Raja, 61, came out of the court handcuffed shortly before 2pm local time surrounded by policemen who led him away in a car. His lawyer, through whom he has previously denied corruption charges, declined to comment.

Sources said Raja, who was detained on Thursday and has since been charged along with Riad with illicit enrichment, was interrogated by judge Jean Tannous regarding his role in a company based in the British Virgin Islands that he headed called Forry Associates.

Swiss court documents show that it operated as one of several intermediaries of the central bank with local commercial banks on their purchases of government certificates of deposits.

Forry's “only job was to gather all these commissions and fees and redistribute according to the instructions”, Riad told Reuters last month, without specifying what those instructions were.

Lebanon opened an investigation in early 2021 after Switzerland made a request for judicial co-operation, which The National was able to review.

Swiss judges suspect that the Salameh brothers embezzled more than $330 million via Forry’s Swiss bank accounts between 2002 and 2015. A large portion of this sum – $207m – was allegedly then sent to four Lebanese banks, labelled as “private expenses.”

This is the first time that Mr Tannous has interrogated Raja whose brother is facing mounting pressure from the judiciary in Lebanon and abroad.

Mr Tannous's attempt in January to raid the banks mentioned in the Swiss probe was halted at the last minute by public prosecutor Ghassan Oueidate. Reports indicate that Mr Oueidate acted under pressure from Prime Minister Najib Mikati, who has denied intervening in the judicial process.

Raja was detained last week by another Lebanese judge Ghada Aoun in Baabda, south-east of Beirut. Without an arrest warrant, Ms Aoun could not keep Raja in detention for more than four days.

Judicial sources said that she transferred her investigation to Mount Lebanon First Investigative Judge Nicolas Mansour, who will decide whether to keep Raja detained. Raja’s current judicial status remains unclear.

Ms Aoun charged the Salameh brothers on Monday with illicit enrichment. They are presumed innocent.

There was little sympathy for the brothers outside Beirut’s Palace of Justice, where guards, once made aware of Raja’s identity, criticised Lebanon’s political and financial class which they said had “starved its people”. “Do you know how much I make a month today? $40,” said one.

Brother of Lebanon's Central Bank Governor arrested

Brother of Lebanon's Central Bank Governor arrested

This is about 15 times less than before the collapse of Lebanon’s financial system in 2019. Most of the Lebanese public blames the crisis on the corruption of the country’s ruling class.

Ms Aoun’s charges came as part of an investigation prompted by a complaint filed last month by a group of Lebanese lawyers accusing the two men, as well as a Ukrainian woman who lives in France and has a daughter with Riad, of buying property in Europe using funds transferred from Forry Associates.

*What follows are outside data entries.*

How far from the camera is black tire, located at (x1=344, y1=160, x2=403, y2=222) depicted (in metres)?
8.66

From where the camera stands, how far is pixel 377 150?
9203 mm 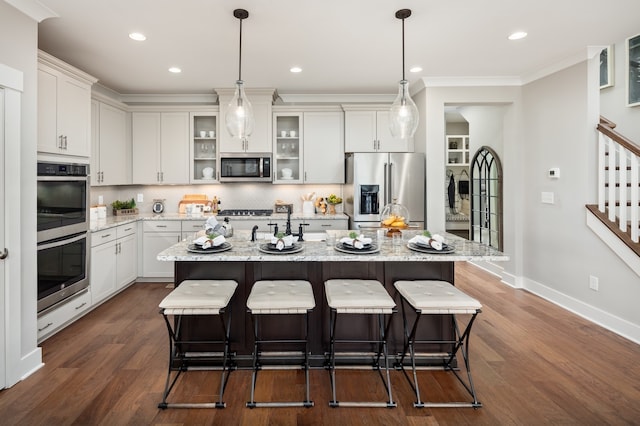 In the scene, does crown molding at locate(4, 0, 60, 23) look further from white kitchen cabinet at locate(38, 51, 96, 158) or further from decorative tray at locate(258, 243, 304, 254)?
decorative tray at locate(258, 243, 304, 254)

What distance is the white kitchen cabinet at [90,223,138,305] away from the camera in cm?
387

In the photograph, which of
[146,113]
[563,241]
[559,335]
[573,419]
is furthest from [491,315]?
[146,113]

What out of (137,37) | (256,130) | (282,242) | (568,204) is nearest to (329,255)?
(282,242)

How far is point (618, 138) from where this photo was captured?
334 centimetres

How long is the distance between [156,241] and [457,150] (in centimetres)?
691

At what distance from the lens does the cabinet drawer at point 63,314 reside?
3.02 meters

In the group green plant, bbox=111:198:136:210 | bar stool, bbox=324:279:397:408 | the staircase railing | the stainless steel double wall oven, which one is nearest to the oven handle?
the stainless steel double wall oven

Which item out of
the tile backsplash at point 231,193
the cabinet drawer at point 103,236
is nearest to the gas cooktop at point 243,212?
the tile backsplash at point 231,193

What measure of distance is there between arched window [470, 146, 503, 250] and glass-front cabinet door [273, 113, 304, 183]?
2830mm

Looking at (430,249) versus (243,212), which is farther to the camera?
(243,212)

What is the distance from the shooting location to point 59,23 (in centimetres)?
301

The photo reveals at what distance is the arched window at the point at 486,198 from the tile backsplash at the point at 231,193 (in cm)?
227

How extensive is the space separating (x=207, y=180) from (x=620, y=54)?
5.31 metres

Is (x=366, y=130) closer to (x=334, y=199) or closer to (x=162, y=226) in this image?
(x=334, y=199)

Riad, 71, has repeatedly defended himself by referring to an audit of the central bank that exonerates him and which he commissioned in November.

The audit is not public. At least five European countries are investigating the central bank governor for money laundering.

Riad, governor of the Banque du Liban since 1993, remains a crucial member of a government team that has been in talks with the IMF for two years over a much-needed bailout.

He did not attend a hearing scheduled for Monday and Ms Aoun charged him in absentia, Reuters reported.

Raja has since 2012 been a board member of Solidere, a public-private partnership that manages central Beirut.